Find the line containing "Tap on AirDrop". Retype it and every later line of the records exactly, leaving out pictures.
*** DATA EXTRACT ***
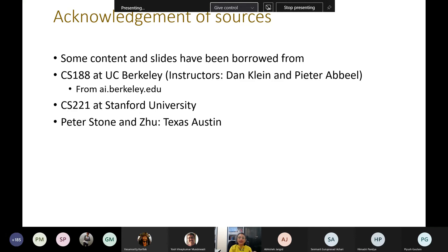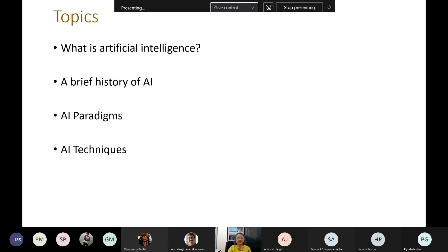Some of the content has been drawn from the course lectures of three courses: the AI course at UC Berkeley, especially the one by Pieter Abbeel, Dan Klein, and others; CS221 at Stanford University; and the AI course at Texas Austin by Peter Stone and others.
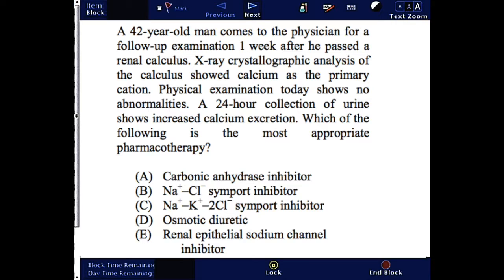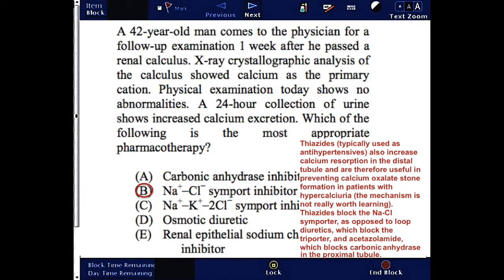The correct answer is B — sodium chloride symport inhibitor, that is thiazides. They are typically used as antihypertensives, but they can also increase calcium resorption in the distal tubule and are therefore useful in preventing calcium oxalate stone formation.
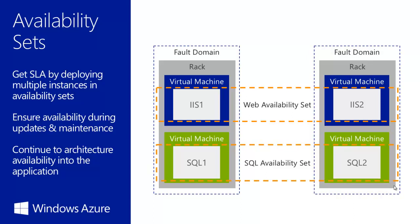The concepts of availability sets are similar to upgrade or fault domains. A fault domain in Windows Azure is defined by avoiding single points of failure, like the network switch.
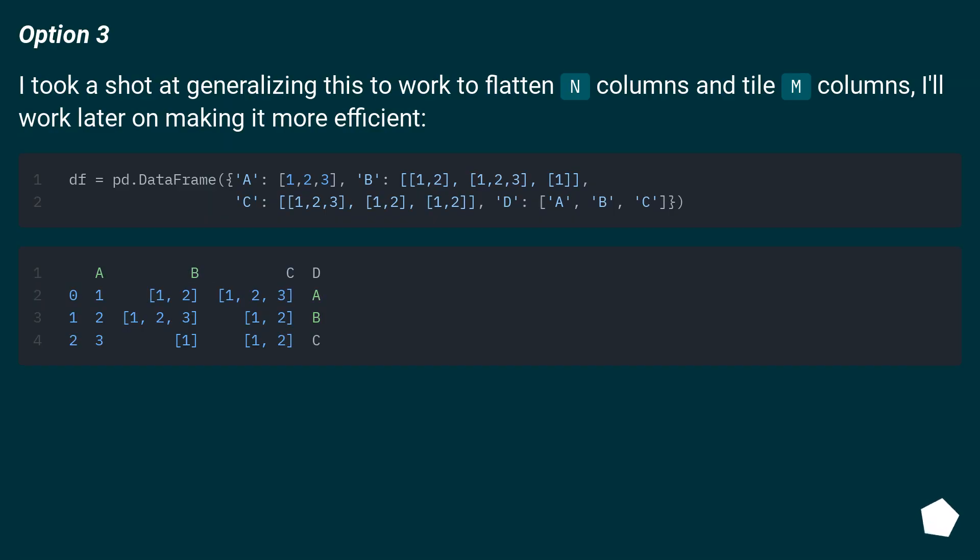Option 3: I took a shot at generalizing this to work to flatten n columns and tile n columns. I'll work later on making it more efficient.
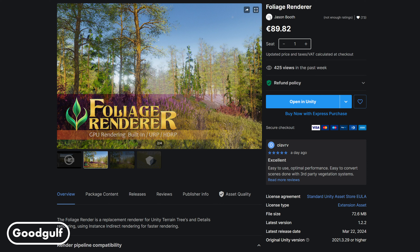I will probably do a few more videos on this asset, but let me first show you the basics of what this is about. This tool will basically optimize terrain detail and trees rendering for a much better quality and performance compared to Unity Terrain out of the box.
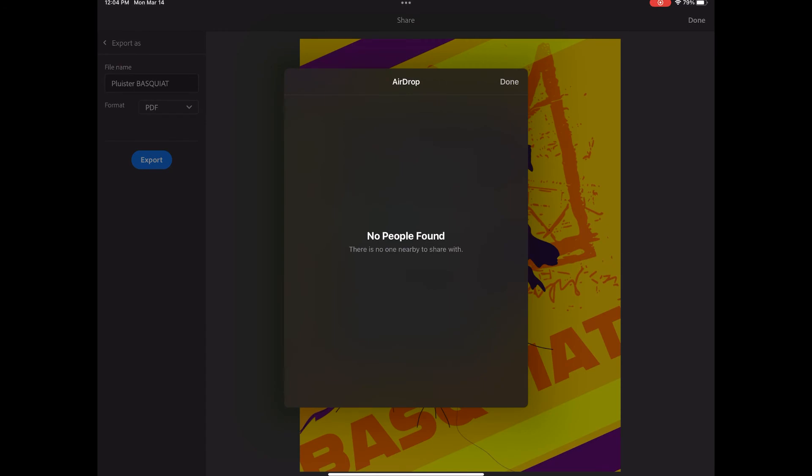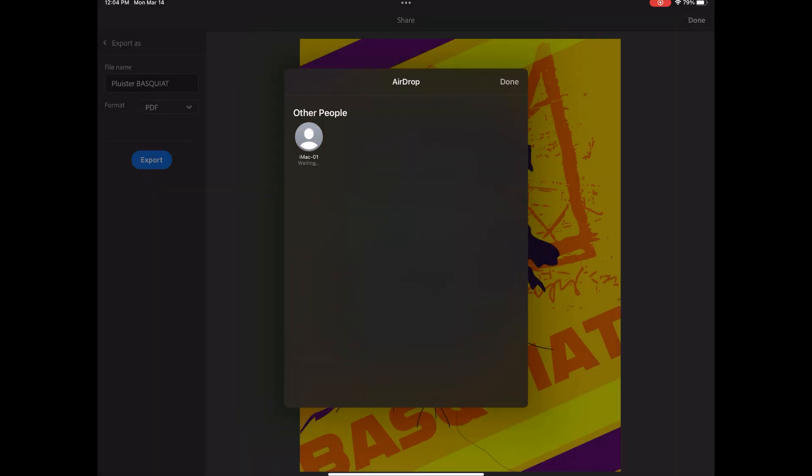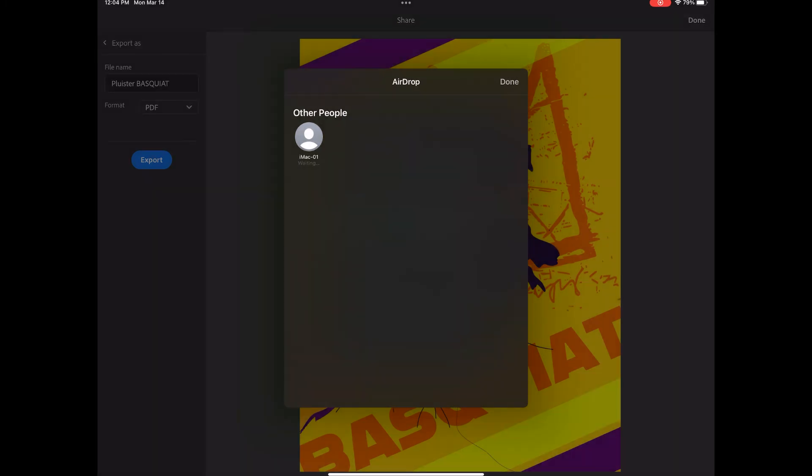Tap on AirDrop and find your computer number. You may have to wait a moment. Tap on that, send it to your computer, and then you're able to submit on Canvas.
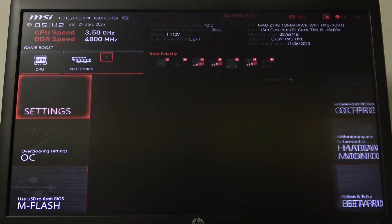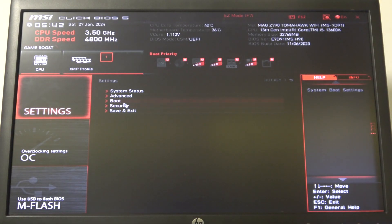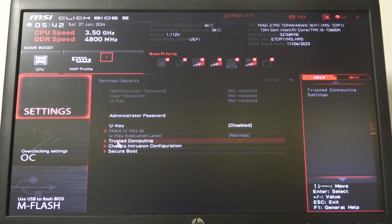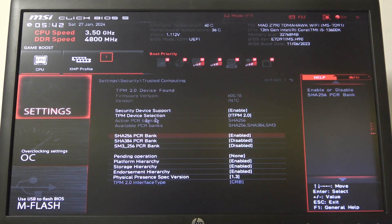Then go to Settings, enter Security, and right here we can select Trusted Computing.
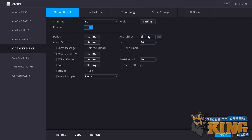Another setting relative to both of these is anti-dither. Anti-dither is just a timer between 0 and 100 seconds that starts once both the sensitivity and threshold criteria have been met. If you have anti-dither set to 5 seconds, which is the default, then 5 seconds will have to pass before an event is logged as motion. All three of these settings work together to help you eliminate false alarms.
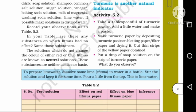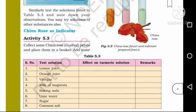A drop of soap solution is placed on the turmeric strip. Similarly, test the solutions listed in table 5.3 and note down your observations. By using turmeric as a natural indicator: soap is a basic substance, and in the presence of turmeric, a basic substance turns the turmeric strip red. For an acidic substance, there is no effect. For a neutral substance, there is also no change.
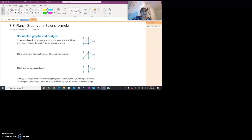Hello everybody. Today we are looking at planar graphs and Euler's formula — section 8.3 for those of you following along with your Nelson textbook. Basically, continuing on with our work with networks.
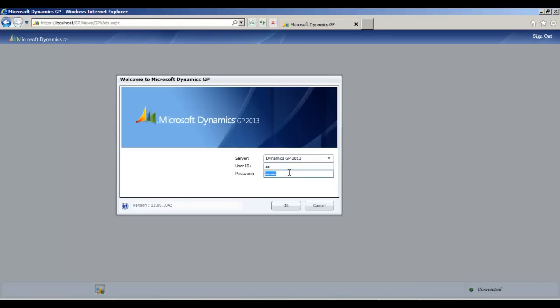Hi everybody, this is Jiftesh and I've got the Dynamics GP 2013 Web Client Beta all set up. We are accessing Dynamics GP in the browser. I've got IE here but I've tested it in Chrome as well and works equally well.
*** End of DATA EXTRACT ***
* **OUTPUT BELOW**
Tap on AirDrop and find your computer number. You may have to wait a moment. Tap on that, send it to your computer, and then you're able to submit on Canvas.
Then go to Settings, enter Security, and right here we can select Trusted Computing.
Another setting relative to both of these is anti-dither. Anti-dither is just a timer between 0 and 100 seconds that starts once both the sensitivity and threshold criteria have been met. If you have anti-dither set to 5 seconds, which is the default, then 5 seconds will have to pass before an event is logged as motion. All three of these settings work together to help you eliminate false alarms.
A drop of soap solution is placed on the turmeric strip. Similarly, test the solutions listed in table 5.3 and note down your observations. By using turmeric as a natural indicator: soap is a basic substance, and in the presence of turmeric, a basic substance turns the turmeric strip red. For an acidic substance, there is no effect. For a neutral substance, there is also no change.
Hello everybody. Today we are looking at planar graphs and Euler's formula — section 8.3 for those of you following along with your Nelson textbook. Basically, continuing on with our work with networks.
Hi everybody, this is Jiftesh and I've got the Dynamics GP 2013 Web Client Beta all set up. We are accessing Dynamics GP in the browser. I've got IE here but I've tested it in Chrome as well and works equally well.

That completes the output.